For btrfs snapshots, storage on other disks is not supported.

Timeshift is designed to protect system files and settings. It is NOT a backup tool and is not meant to protect user data.

[-] Cornflake@pawb.social 1 points 19 hours ago

That makes more sense to me now. If I did want to backup system files and settings on another drive, what tool could I use?

[-] Eyedust@lemmy.dbzer0.com 2 points 16 hours ago

I mean, I just plug the drive in once every week or so, move any new personal, irreplaceable files to the drive via whichever file manager I fancy at the time, and then set it aside for next backup.

There's no replacement for physically backing up your data. Automation can even be the cause of file loss. Take it from someone who has spent days recovering their files via disk recovery tools.

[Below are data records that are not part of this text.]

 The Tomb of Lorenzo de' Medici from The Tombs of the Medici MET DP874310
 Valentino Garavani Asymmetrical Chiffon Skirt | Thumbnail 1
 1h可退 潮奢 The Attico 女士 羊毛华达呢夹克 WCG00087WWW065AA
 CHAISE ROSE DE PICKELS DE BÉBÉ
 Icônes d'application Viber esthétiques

External drives are camping kits for PCs. If you have one, then it doesn't matter if you lose your system, just reinstall or install something new, open your camping kit and make camp. Make a dotfiles repository if you want to save your home and app configs.

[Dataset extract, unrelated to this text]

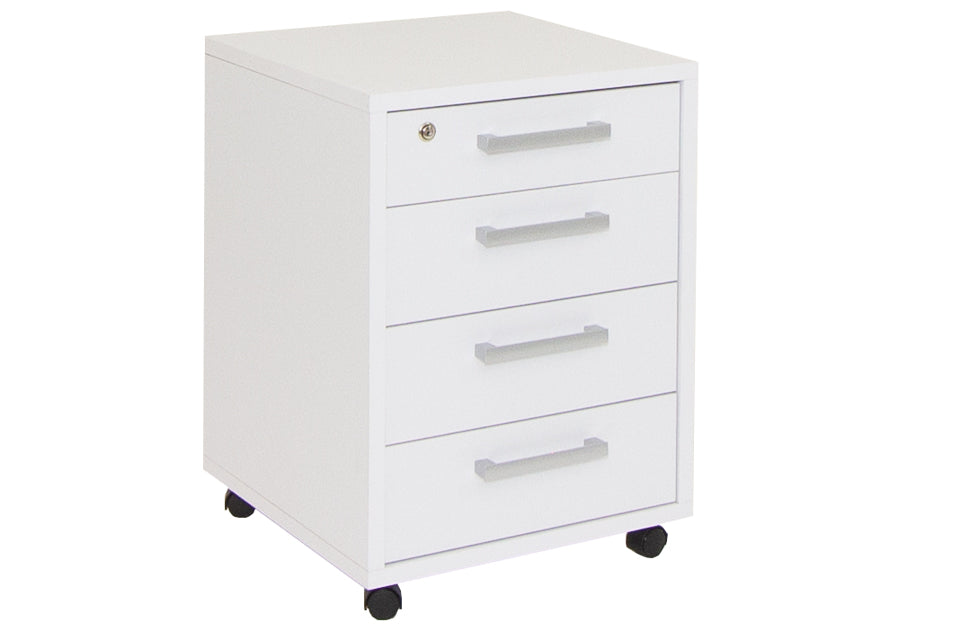 Nova - White 3 Drawer Storage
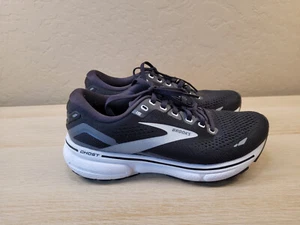 Brooks Ghost 15 Black White Sneakers 1203801B012 Women's Size 7.5 - Picture 1 of 11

Windows and Mac is like a long term home ownership with a car, kids, partner, and too many bills to be free again. Linux is a nomad life. Nothing is for certain and you could lose your tent in a thunderstorm if you don't stake it down properly.

Also, Timeshift is a very rudimentary and first-layer protection. Something that got configured wrong could have been configured wrong months ago and you may not have caught it at the time and all the restore points you've kept could have the same problem.

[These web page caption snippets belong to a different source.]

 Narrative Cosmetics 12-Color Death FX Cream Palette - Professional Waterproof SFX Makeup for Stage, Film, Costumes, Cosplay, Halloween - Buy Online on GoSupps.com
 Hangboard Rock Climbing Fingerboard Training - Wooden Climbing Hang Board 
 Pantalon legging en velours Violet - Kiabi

[-] AtariDump@lemmy.world 1 points 16 hours ago* (last edited 16 hours ago)

~~Borg~~

Edit: wrote this when I thought you wanted to back up data.

[-] zarenki@lemmy.ml 9 points 17 hours ago

The command you're looking for is btrfs send. See man btrfs-send.

I know of at least one tool, btrbk, which automates both automatic periodic snapshots and incremental sync, but here's an example manual process so you can know the basic idea. Run all this in a root shell or sudo.

As initial setup:

  • Create a btrfs filesystem on the sender drive and another on the receiver drive. No need to link them or sync anything yet, although the receiver's filesystem does need to be large enough to actually accept your syncs.
  • Use btrfs subvolume create /mnt/mybtrfs/stuff on the sender, substituting the actual mount point of your btrfs filesystem and the name you want to use for a subvolume under it.
  • Put all the data you care about inside that subvolume. You can mount the filesystem with a mount option like -o subvol=stuff if you want to treat the subvolume as its own separate mount from its parent.
  • Make a snapshot of that subvolume. Name it whatever you want, but something simple and consistent is probably best. Something like mkdir /mnt/mybtrfs/snapshots; btrfs subvolume snapshot /mnt/mybtrfs/stuff /mnt/mybtrfs/snapshots/stuff-20250511.
  • If the receiver is a separate computer, make sure it's booted up and running an SSH server. If you're sending to another drive on the same system, make sure it's connected and mounted.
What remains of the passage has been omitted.